◆ ASSIGNMENT: Exactly the lines from the line containing "Iberis sempervirens 'Whiteout'" through the last line of the entries below should appear in the answer, reproduced verbatim.

◆ RECORDS SHOWN:
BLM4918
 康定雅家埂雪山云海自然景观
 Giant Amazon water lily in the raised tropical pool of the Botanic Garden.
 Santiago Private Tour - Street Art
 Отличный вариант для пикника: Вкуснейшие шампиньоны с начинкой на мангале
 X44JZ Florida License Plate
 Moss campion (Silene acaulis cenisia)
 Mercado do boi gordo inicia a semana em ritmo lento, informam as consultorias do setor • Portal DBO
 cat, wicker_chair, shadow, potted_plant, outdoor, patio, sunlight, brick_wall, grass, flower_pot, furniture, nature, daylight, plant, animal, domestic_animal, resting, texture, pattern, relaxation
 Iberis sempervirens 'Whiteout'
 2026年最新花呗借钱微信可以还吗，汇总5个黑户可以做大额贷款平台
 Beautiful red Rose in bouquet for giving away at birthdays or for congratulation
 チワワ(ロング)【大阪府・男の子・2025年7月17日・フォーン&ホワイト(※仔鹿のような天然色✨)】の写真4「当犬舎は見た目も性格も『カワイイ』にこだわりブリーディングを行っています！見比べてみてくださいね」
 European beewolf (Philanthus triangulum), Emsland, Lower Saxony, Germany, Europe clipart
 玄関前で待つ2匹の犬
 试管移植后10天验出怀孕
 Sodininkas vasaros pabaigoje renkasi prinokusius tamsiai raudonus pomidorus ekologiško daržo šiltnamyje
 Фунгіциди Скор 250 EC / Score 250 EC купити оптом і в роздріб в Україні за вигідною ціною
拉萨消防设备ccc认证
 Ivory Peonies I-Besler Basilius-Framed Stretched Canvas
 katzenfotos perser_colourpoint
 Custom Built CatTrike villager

◆ THE COMPLETED TASK:
 Iberis sempervirens 'Whiteout'
 2026年最新花呗借钱微信可以还吗，汇总5个黑户可以做大额贷款平台
 Beautiful red Rose in bouquet for giving away at birthdays or for congratulation
 チワワ(ロング)【大阪府・男の子・2025年7月17日・フォーン&ホワイト(※仔鹿のような天然色✨)】の写真4「当犬舎は見た目も性格も『カワイイ』にこだわりブリーディングを行っています！見比べてみてくださいね」
 European beewolf (Philanthus triangulum), Emsland, Lower Saxony, Germany, Europe clipart
 玄関前で待つ2匹の犬
 试管移植后10天验出怀孕
 Sodininkas vasaros pabaigoje renkasi prinokusius tamsiai raudonus pomidorus ekologiško daržo šiltnamyje
 Фунгіциди Скор 250 EC / Score 250 EC купити оптом і в роздріб в Україні за вигідною ціною
拉萨消防设备ccc认证
 Ivory Peonies I-Besler Basilius-Framed Stretched Canvas
 katzenfotos perser_colourpoint
 Custom Built CatTrike villager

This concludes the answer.